# AVAILABLE DATA:
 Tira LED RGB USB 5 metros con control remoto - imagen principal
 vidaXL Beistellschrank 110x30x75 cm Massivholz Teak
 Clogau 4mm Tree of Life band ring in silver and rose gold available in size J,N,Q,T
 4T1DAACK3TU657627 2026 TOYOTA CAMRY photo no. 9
--
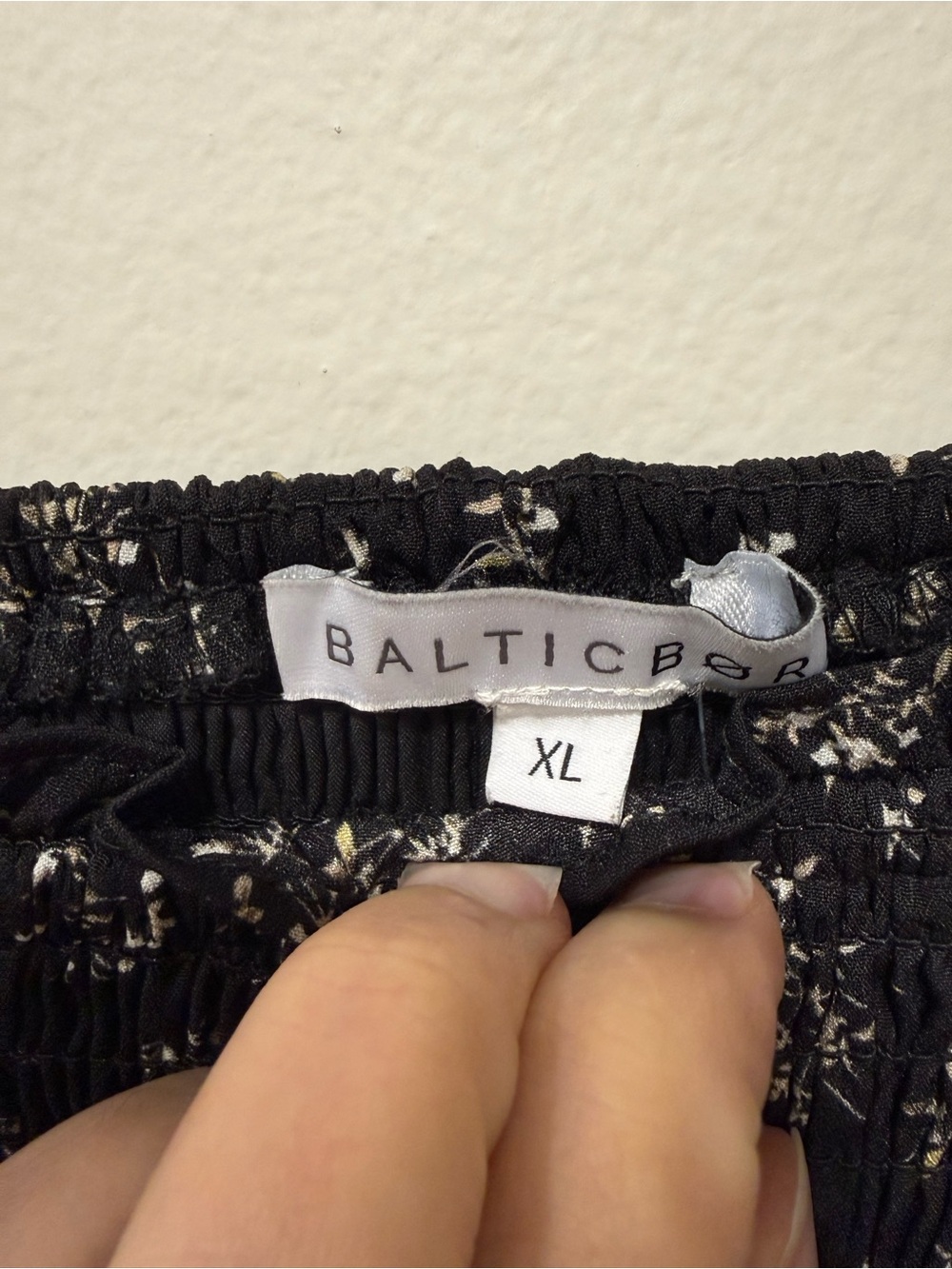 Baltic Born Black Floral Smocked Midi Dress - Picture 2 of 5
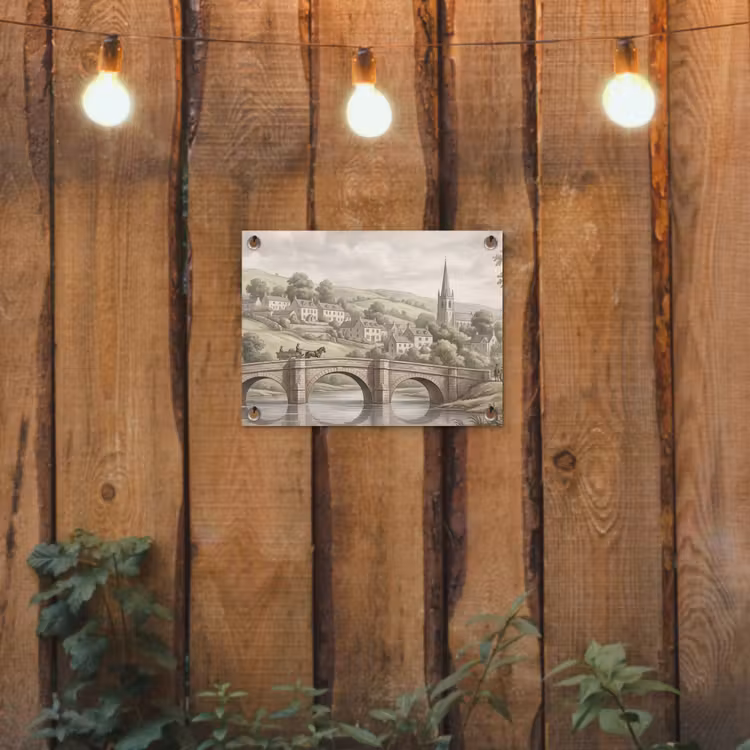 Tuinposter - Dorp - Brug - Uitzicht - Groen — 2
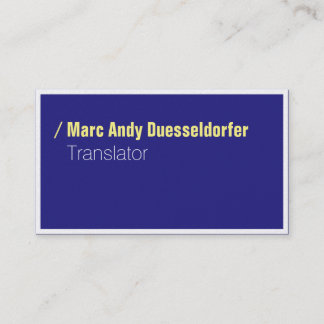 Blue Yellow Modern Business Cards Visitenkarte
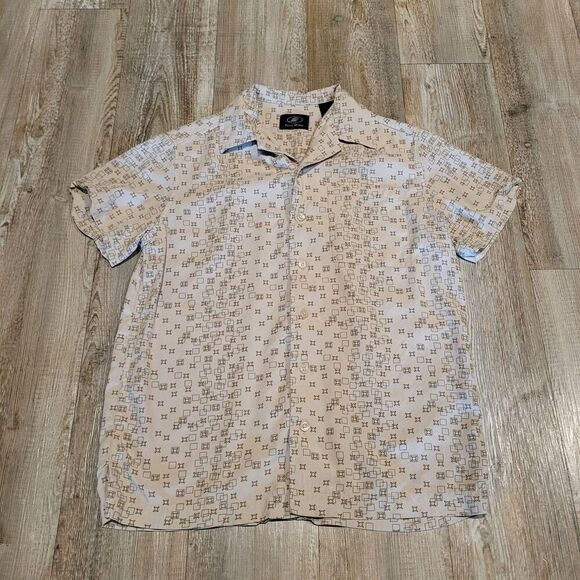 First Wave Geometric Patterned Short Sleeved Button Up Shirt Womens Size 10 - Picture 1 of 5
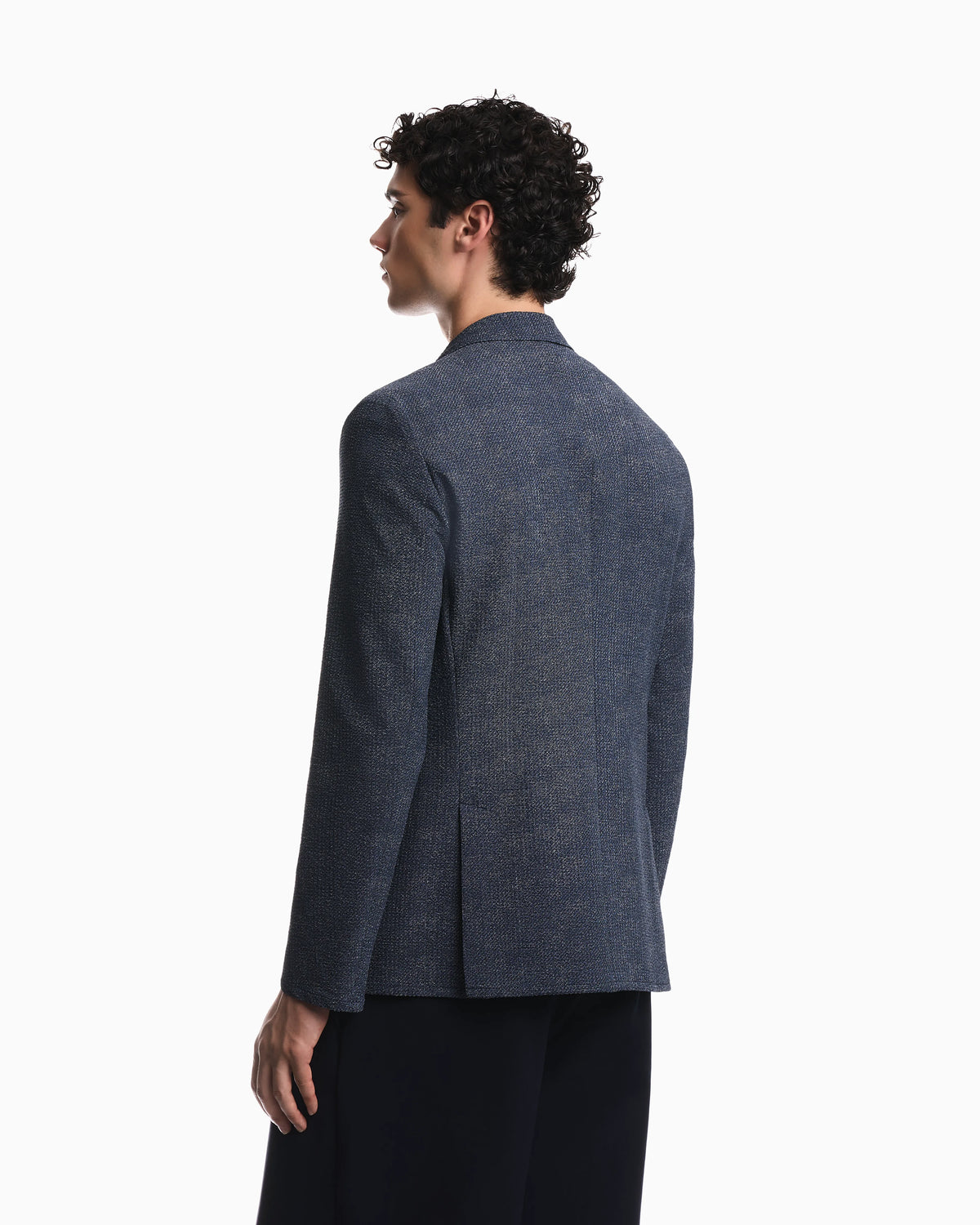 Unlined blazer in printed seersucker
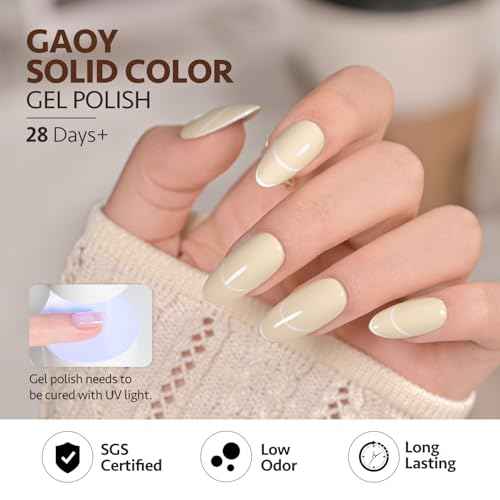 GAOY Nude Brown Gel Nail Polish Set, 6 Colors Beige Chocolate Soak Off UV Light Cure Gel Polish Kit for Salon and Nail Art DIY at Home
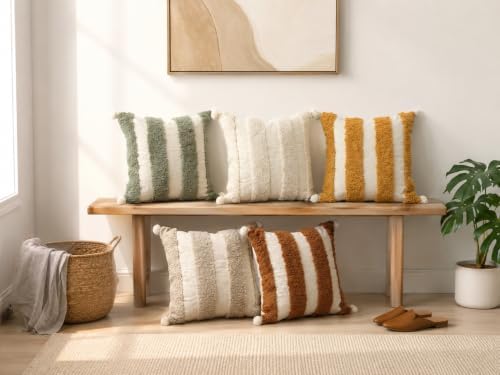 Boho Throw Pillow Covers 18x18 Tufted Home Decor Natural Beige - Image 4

# TRY IT:
Give back exactly the lines above, from the line containing "vidaXL Beistellschrank 110x30x75" through the line containing "4T1DAACK3TU657627 2026 TOYOTA", with both end lines and nothing more.

# COMPLETED TASK:
 vidaXL Beistellschrank 110x30x75 cm Massivholz Teak
 Clogau 4mm Tree of Life band ring in silver and rose gold available in size J,N,Q,T
 4T1DAACK3TU657627 2026 TOYOTA CAMRY photo no. 9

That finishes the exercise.